Blob Blame History Raw
From 2a080e5986331989a3164a35129e576641b2cca5 Mon Sep 17 00:00:00 2001
From: Tomas Jelinek <tojeline@redhat.com>
Date: Tue, 19 Jul 2016 16:42:44 +0200
Subject: [PATCH 1/2] allow to remove a dead node from a cluster

---
 pcs/cluster.py | 41 +++++++++++++++++++++++++++--------------
 1 file changed, 27 insertions(+), 14 deletions(-)

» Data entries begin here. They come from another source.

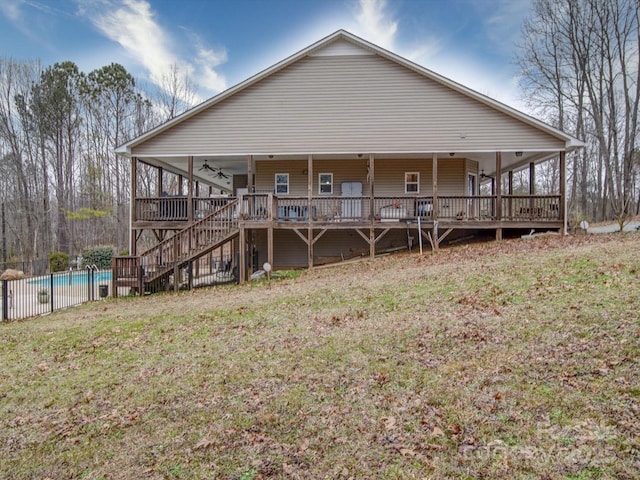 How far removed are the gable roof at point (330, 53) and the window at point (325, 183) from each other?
4.76 metres

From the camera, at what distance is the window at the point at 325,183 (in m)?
18.0

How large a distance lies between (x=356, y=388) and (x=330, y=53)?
→ 14.7 metres

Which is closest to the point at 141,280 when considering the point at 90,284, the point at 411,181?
the point at 90,284

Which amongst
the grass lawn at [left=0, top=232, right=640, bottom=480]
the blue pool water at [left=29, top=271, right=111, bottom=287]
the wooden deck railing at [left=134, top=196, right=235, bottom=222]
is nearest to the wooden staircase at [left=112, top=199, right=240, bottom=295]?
the wooden deck railing at [left=134, top=196, right=235, bottom=222]

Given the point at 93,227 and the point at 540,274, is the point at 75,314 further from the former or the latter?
the point at 93,227

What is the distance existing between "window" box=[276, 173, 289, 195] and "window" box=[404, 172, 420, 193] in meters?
5.33

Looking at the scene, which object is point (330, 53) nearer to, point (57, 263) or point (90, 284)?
point (90, 284)

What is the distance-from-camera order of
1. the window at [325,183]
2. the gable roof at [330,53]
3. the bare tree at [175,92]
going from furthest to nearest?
the bare tree at [175,92] → the window at [325,183] → the gable roof at [330,53]

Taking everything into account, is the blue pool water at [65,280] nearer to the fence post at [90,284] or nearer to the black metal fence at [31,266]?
the fence post at [90,284]

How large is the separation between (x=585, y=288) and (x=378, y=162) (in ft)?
37.3

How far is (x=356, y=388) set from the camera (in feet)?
15.3

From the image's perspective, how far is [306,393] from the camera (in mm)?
4680

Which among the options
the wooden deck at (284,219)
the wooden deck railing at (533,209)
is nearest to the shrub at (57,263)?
the wooden deck at (284,219)

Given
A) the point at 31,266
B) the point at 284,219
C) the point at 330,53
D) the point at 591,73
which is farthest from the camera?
the point at 591,73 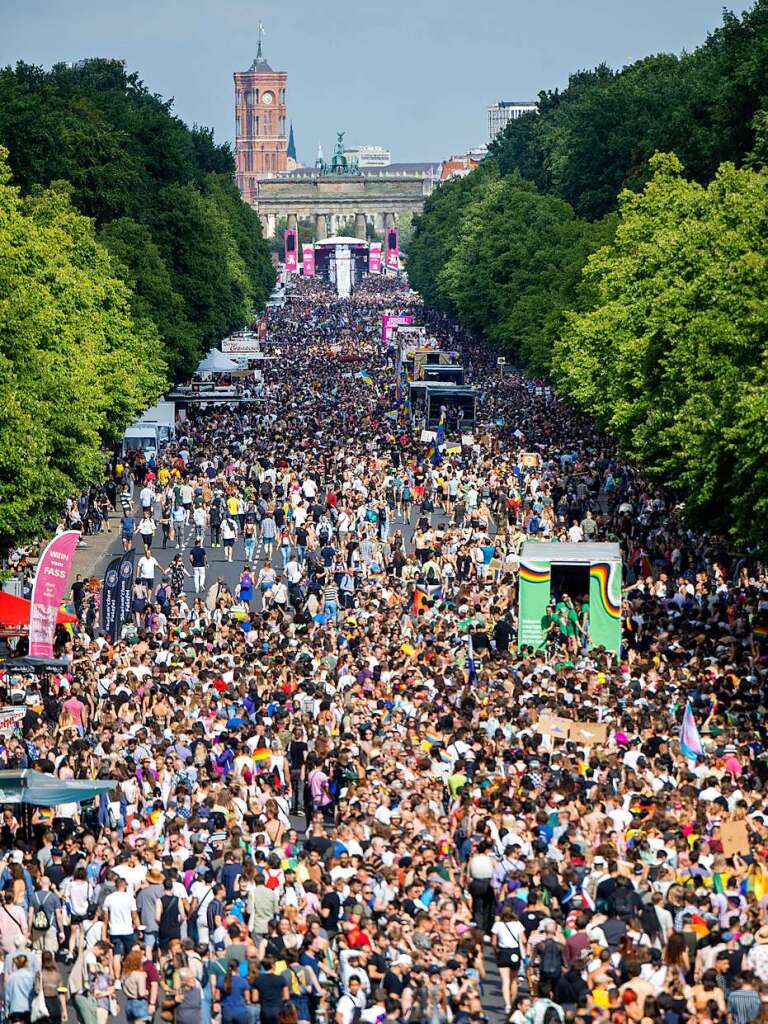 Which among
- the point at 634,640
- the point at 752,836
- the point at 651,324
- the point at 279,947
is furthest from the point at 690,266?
the point at 279,947

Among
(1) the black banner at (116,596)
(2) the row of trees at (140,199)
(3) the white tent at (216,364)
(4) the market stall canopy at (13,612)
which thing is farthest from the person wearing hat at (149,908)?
(3) the white tent at (216,364)

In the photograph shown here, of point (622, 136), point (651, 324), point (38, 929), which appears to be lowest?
point (38, 929)

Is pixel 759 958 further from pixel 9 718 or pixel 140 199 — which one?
pixel 140 199

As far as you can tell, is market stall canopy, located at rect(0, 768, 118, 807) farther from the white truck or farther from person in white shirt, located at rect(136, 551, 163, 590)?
the white truck

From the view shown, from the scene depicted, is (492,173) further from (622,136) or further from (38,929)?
(38,929)

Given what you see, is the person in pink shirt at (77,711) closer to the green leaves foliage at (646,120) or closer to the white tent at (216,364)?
the green leaves foliage at (646,120) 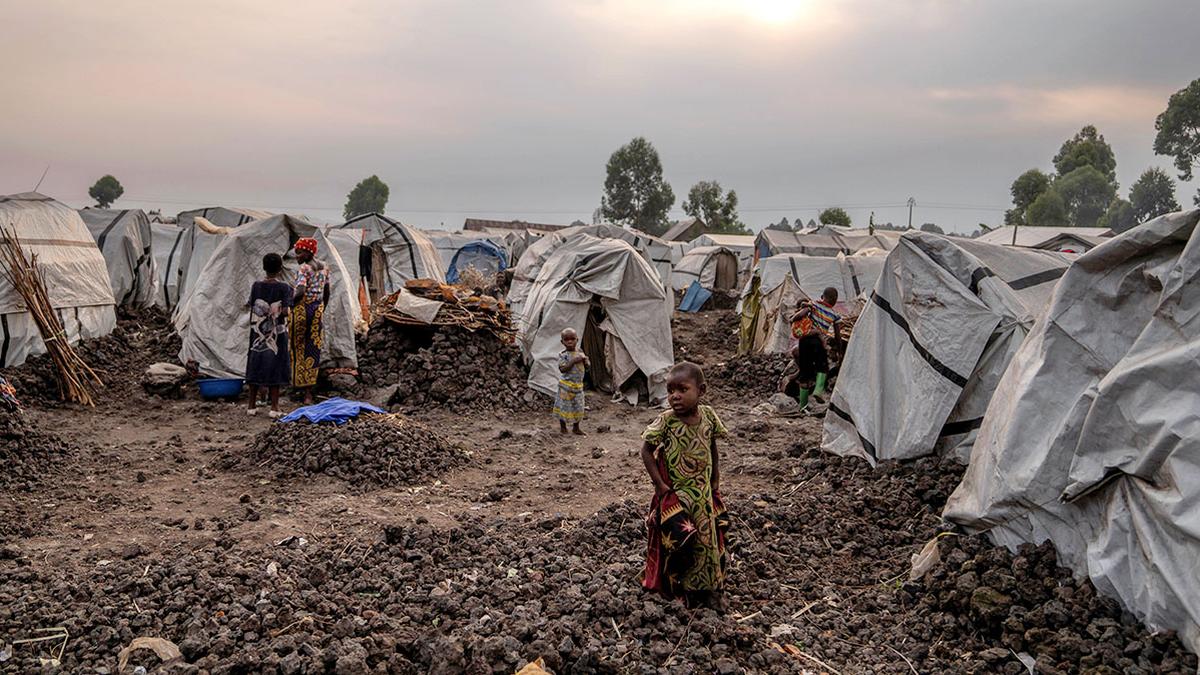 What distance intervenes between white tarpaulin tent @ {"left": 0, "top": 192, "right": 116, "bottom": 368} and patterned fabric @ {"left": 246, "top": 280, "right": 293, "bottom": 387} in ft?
9.20

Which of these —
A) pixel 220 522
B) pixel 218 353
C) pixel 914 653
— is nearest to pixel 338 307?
pixel 218 353

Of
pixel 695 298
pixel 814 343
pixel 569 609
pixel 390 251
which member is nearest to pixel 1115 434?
pixel 569 609

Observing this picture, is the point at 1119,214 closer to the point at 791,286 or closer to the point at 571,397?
the point at 791,286

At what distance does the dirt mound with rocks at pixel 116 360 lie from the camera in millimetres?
8133

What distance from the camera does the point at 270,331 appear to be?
7.81 m

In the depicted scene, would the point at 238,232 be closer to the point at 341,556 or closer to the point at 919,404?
the point at 341,556

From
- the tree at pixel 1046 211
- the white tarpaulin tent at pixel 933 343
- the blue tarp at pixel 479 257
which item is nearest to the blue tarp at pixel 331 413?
→ the white tarpaulin tent at pixel 933 343

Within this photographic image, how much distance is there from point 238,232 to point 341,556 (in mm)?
6571

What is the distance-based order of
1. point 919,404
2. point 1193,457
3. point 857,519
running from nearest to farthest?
point 1193,457, point 857,519, point 919,404

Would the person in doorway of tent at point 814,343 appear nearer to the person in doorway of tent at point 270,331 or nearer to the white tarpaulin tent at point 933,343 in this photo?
the white tarpaulin tent at point 933,343

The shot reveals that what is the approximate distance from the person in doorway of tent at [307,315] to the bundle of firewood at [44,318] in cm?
213

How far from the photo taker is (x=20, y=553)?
165 inches

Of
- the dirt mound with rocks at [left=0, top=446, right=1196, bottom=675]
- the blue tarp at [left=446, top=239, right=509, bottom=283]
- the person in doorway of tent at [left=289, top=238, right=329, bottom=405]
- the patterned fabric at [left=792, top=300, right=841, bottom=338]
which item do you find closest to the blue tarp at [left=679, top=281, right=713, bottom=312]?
the blue tarp at [left=446, top=239, right=509, bottom=283]

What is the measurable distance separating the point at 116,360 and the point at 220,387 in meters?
2.28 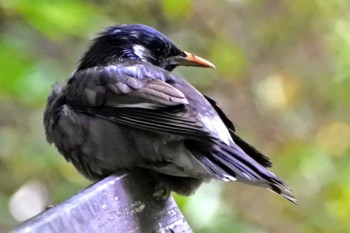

diff --git a/pcs/cluster.py b/pcs/cluster.py
index baa0f44..7a8615d 100644
--- a/pcs/cluster.py
+++ b/pcs/cluster.py
@@ -1076,7 +1076,7 @@ def disable_cluster_nodes(nodes):
     if len(error_list) > 0:
         utils.err("unable to disable all nodes\n" + "\n".join(error_list))
 
-def destroy_cluster(argv):
+def destroy_cluster(argv, keep_going=False):
     if len(argv) > 0:
         # stop pacemaker and resources while cluster is still quorate
         nodes = argv
@@ -1085,7 +1085,14 @@ def destroy_cluster(argv):
         # destroy will stop any remaining cluster daemons
         error_list = parallel_for_nodes(utils.destroyCluster, nodes, quiet=True)
         if error_list:
-            utils.err("unable to destroy cluster\n" + "\n".join(error_list))
+            if keep_going:
+                print(
+                    "Warning: unable to destroy cluster\n"
+                    +
+                    "\n".join(error_list)
+                )
+            else:
+                utils.err("unable to destroy cluster\n" + "\n".join(error_list))
 
 def stop_cluster(argv):
     if len(argv) > 0:
@@ -1347,19 +1354,25 @@ def cluster_node(argv):
 
     node = argv[1]
     node0, node1 = utils.parse_multiring_node(node)
-
     if not node0:
         utils.err("missing ring 0 address of the node")
-    status,output = utils.checkAuthorization(node0)
-    if status == 2:
-        utils.err("pcsd is not running on %s" % node0)
-    elif status == 3:
-        utils.err(
-            "%s is not yet authenticated (try pcs cluster auth %s)"
-            % (node0, node0)
-        )
-    elif status != 0:
-        utils.err(output)
+
+    # allow to continue if removing a node with --force
+    if add_node or "--force" not in utils.pcs_options:
+        status, output = utils.checkAuthorization(node0)
+        if status != 0:
+            if status == 2:
+                msg = "pcsd is not running on {0}".format(node0)
+            elif status == 3:
+                msg = (
+                    "{node} is not yet authenticated "
+                    + " (try pcs cluster auth {node})"
+                ).format(node=node0)
+            else:
+                msg = output
+            if not add_node:
+                msg += ", use --force to override"
+            utils.err(msg)
 
     if add_node == True:
         wait = False
@@ -1540,7 +1553,7 @@ def cluster_node(argv):
 
         nodesRemoved = False
         c_nodes = utils.getNodesFromCorosyncConf()
-        destroy_cluster([node0])
+        destroy_cluster([node0], keep_going=("--force" in utils.pcs_options))
         for my_node in c_nodes:
             if my_node == node0:
                 continue
-- 
1.8.3.1


From c48716233ace08c16e7e4b66075aebeca9366321 Mon Sep 17 00:00:00 2001
From: Tomas Jelinek <tojeline@redhat.com>
Date: Wed, 20 Jul 2016 10:01:13 +0200
Subject: [PATCH 2/2] gui: allow to remove a dead node from a cluster

---
 pcsd/remote.rb | 11 +++++++++--
 1 file changed, 9 insertions(+), 2 deletions(-)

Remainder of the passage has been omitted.